[Start of section]
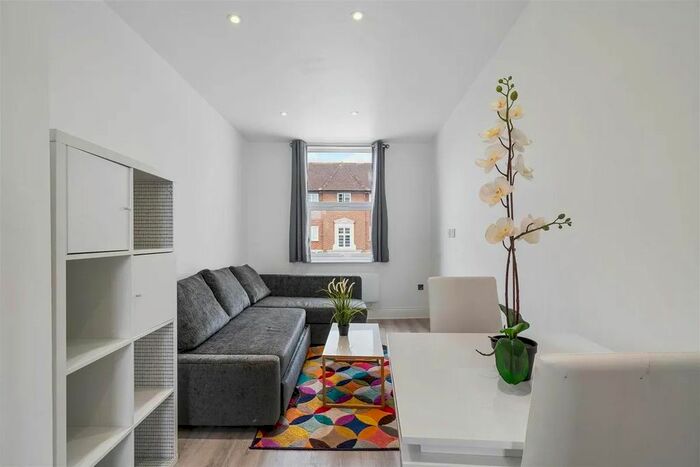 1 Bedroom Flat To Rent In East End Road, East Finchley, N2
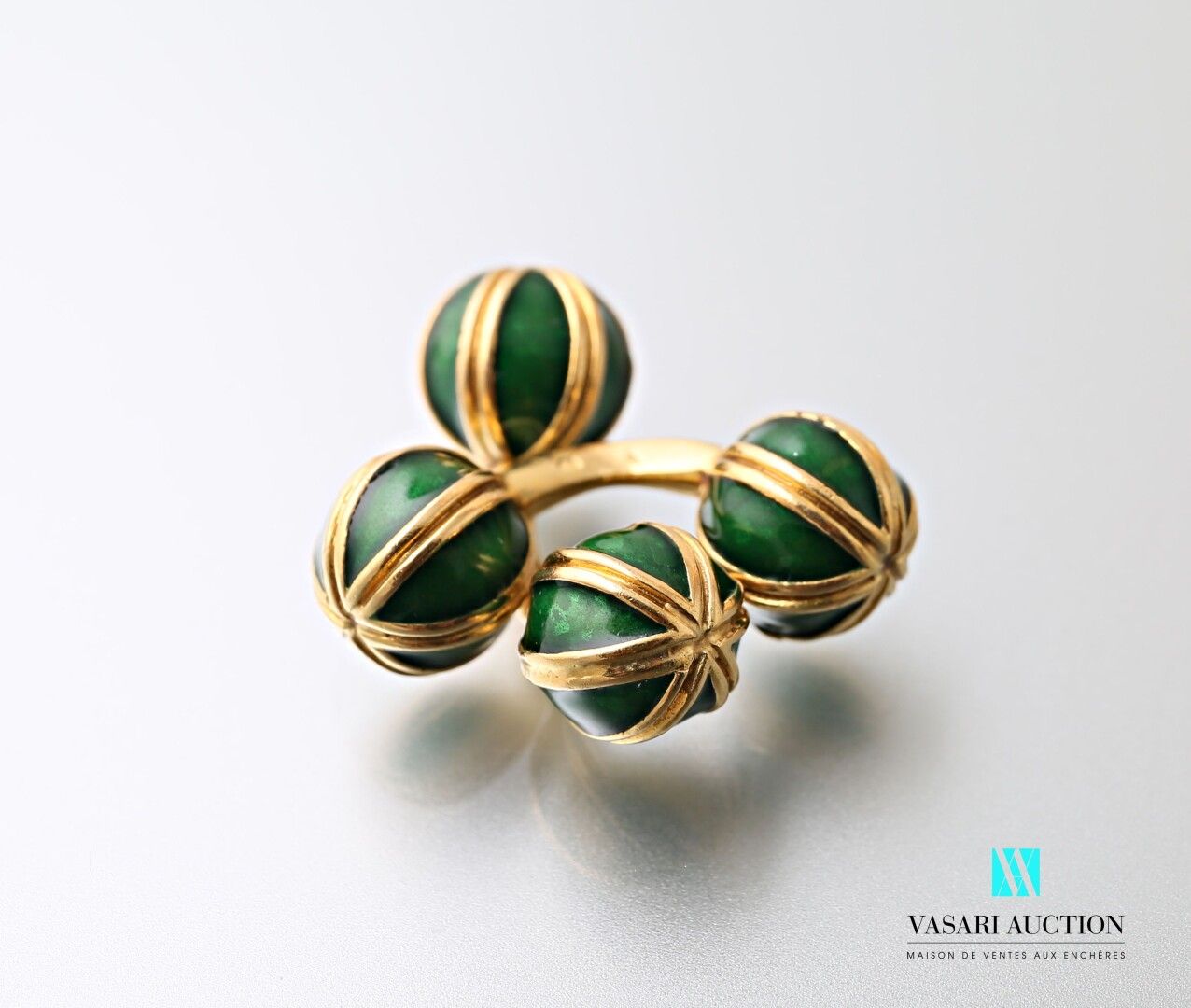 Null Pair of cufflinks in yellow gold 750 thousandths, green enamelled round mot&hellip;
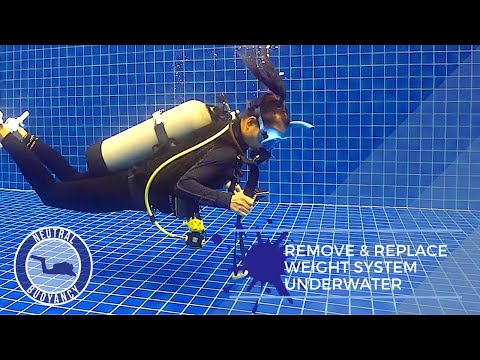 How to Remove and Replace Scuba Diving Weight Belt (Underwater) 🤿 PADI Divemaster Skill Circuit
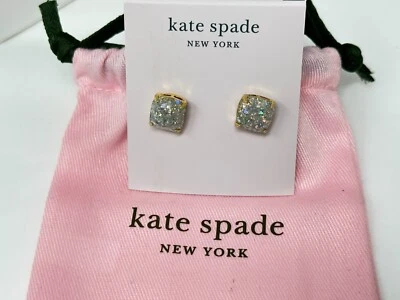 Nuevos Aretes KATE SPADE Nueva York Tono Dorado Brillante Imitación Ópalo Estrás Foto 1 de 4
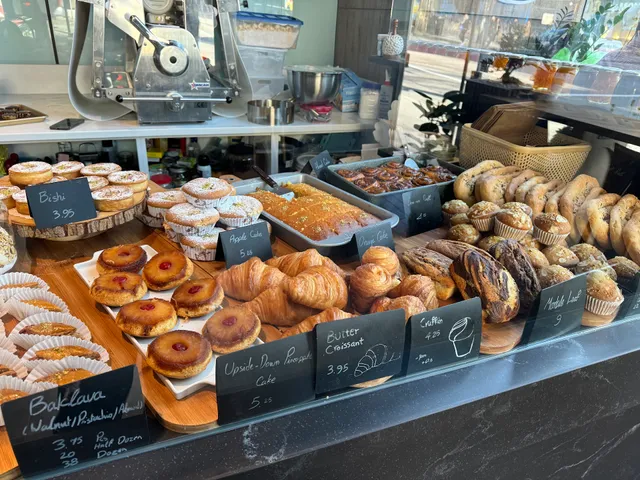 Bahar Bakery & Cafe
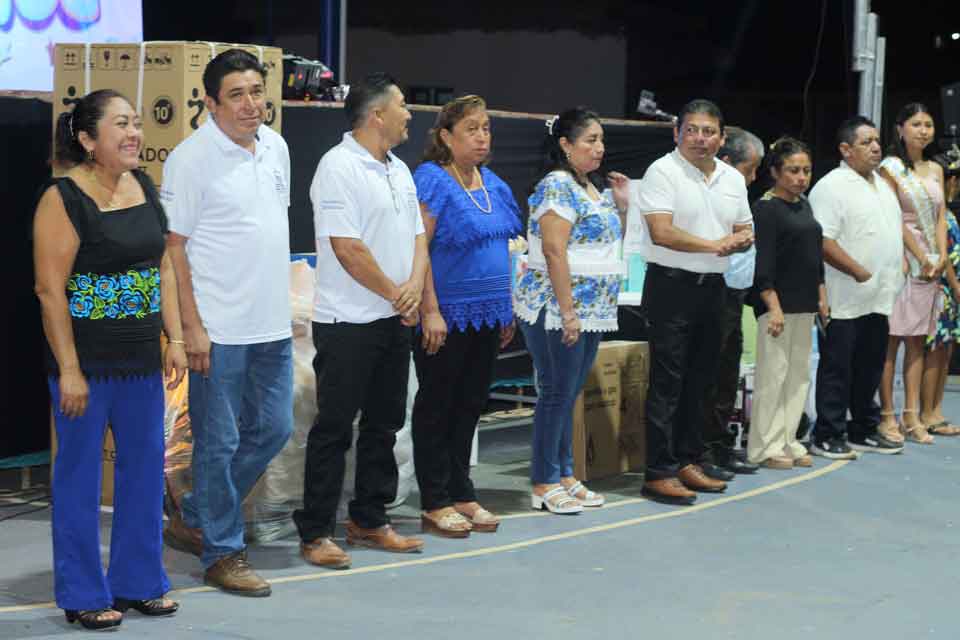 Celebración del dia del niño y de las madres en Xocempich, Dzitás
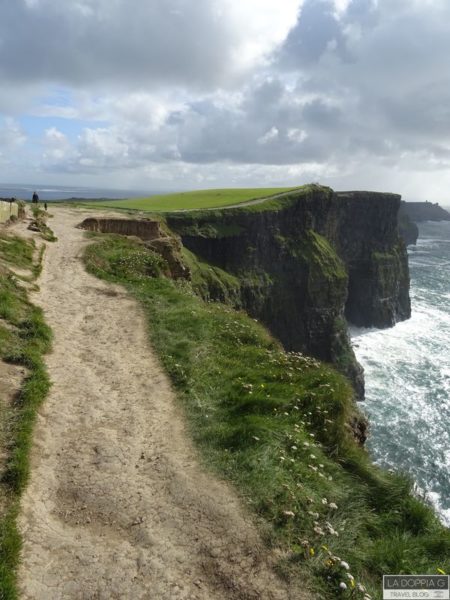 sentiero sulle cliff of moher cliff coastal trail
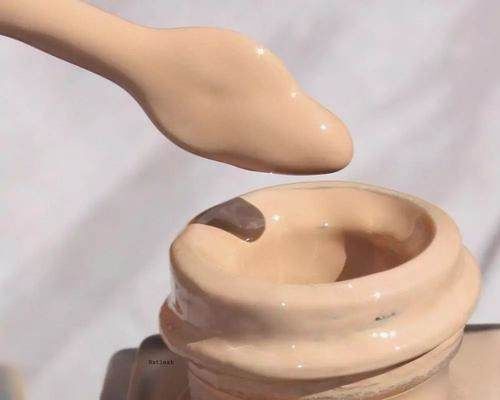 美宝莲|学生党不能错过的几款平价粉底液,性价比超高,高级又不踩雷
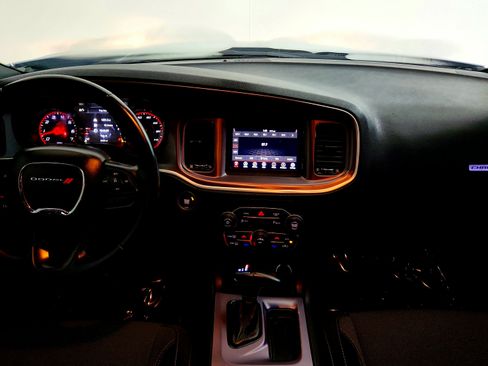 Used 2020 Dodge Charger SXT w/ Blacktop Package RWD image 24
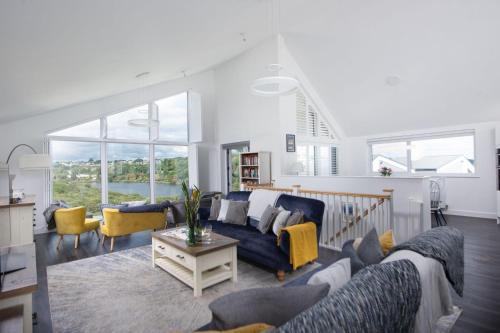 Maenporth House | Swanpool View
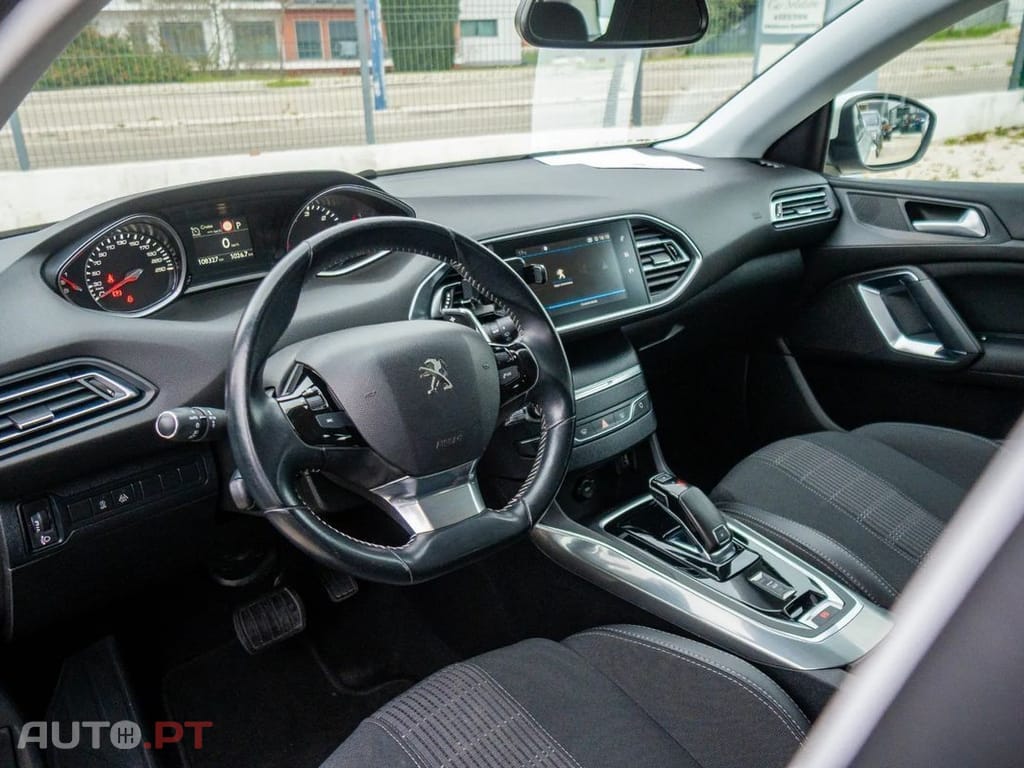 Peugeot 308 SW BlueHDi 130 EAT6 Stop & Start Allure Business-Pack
[End of section]
[Start of section]
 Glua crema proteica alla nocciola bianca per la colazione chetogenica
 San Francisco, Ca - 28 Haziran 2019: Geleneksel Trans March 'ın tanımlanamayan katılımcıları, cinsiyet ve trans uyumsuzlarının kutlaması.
[End of section]
▸ WORK ORDER:
Give again, exactly as written above, each line from the one that has "Celebración del dia" to the one that has "Peugeot 308 SW", both included; omit the pictures.

▸ ANSWER TO THE EXERCISE:
 Celebración del dia del niño y de las madres en Xocempich, Dzitás
 sentiero sulle cliff of moher cliff coastal trail
 美宝莲|学生党不能错过的几款平价粉底液,性价比超高,高级又不踩雷
 Used 2020 Dodge Charger SXT w/ Blacktop Package RWD image 24
 Maenporth House | Swanpool View
 Peugeot 308 SW BlueHDi 130 EAT6 Stop & Start Allure Business-Pack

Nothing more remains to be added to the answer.